THE UK’s largest privately-owned housebuilder yesterday warned that a slump in lending could cripple a fragile industry recovery.

Miller has seen an “encouraging” 13% rise in sales so far this year, but chairman Sir Brian Stewart said the latest Bank of England figures showing mortgage lending at a nine-month low were “very disappointing.”

He said: “The market needs more certainty, politically, economically and financially.

“It would be unfortunate if, having been through the worst recession in our lifetime, the financial sector failed to provide the products, the liquidity and the conditions for the market to move forward.”

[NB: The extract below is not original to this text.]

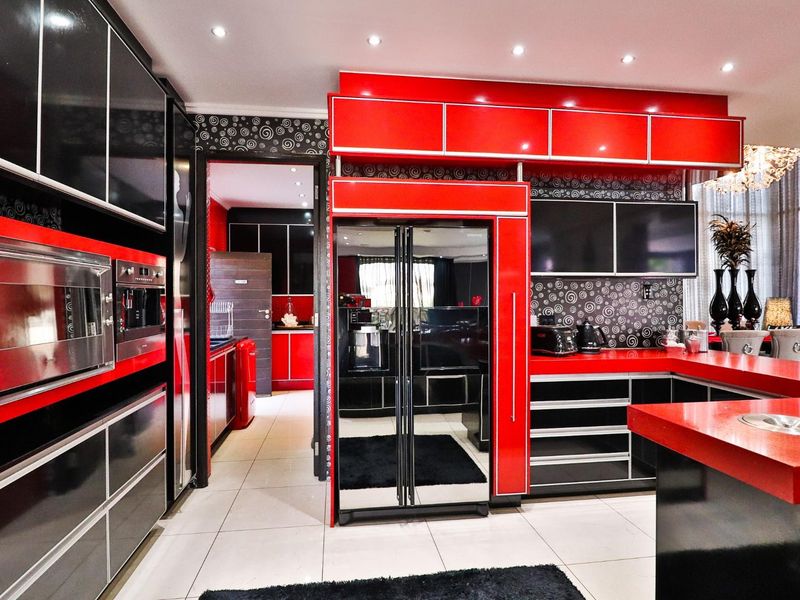 Exclusive 5 Bedroom home in an exclusive River Estate - Vaal River - Photo 6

Edinburgh-based Miller was profitable at the operating level, but a hit on its overseas commercial properties and a £58m interest bill left it with pre-tax losses of £72.4m last year, down from £170m in 2008.

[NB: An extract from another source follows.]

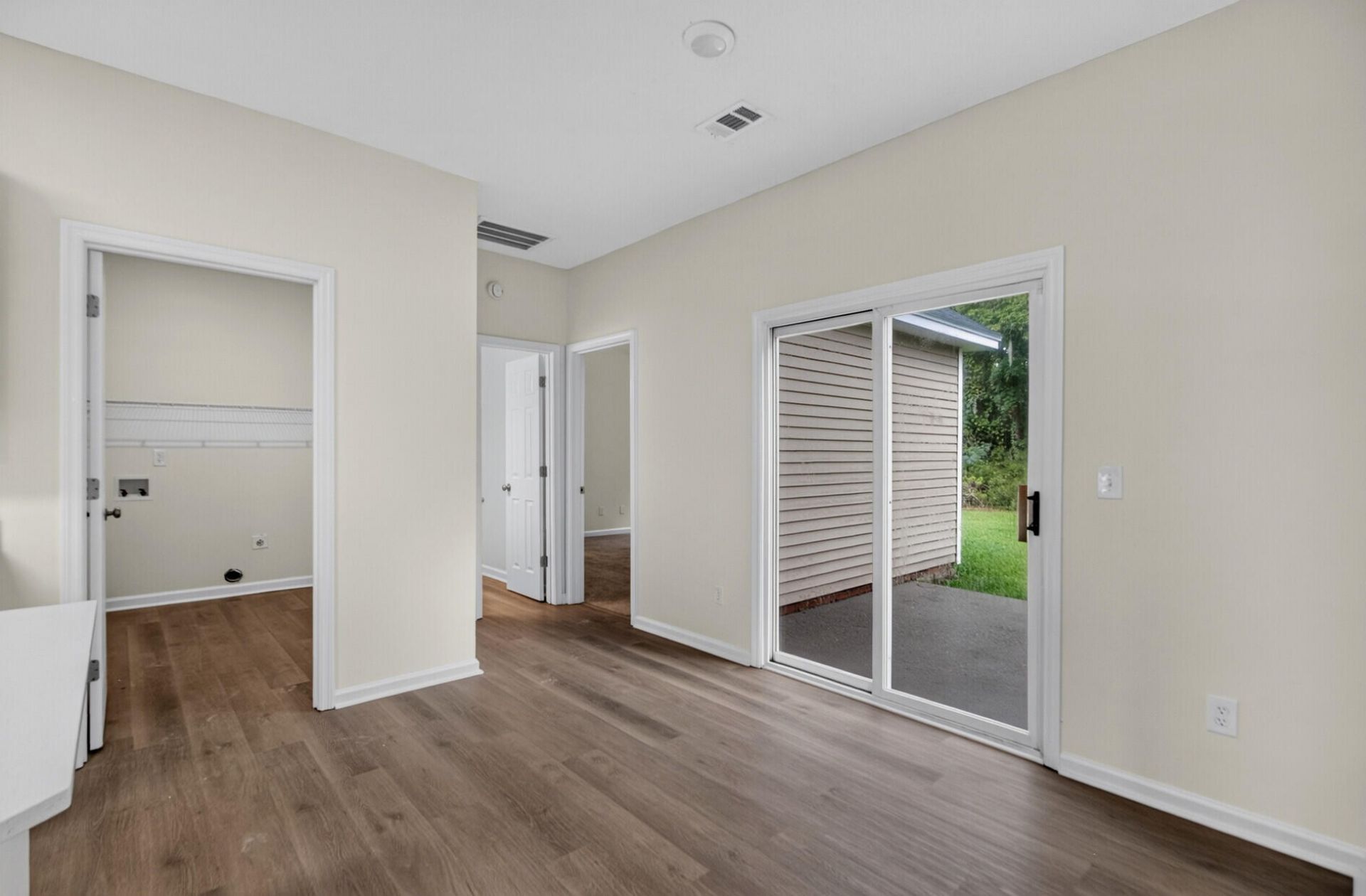 180 Hainsworth Drive Photo 7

The group said better industry conditions meant it had opened 17 new housebuilding developments since last May.

Volumes edged up to 2,068 during 2009 despite the firm operating from 12% fewer sites, while cancellation rates have continued to improve during 2010.

Miller’s overall revenues fell from £1.05bn to £783m last year as the group cut back on general construction work to concentrate on more profitable projects.

The construction division – which focuses on health, education and leisure markets – boasted record operating profits of £15.5m and industry-leading margins, although turnover fell by 34%.

The firm handed over the £120m Union Square shopping centre in Aberdeen – its biggest so far – to developer Hammerson last year..

The company is controlled by the Miller family, which holds 62% of the business.

With an estimated worth of £180m, the family was ranked 309th in the 2009 Sunday Times Rich List.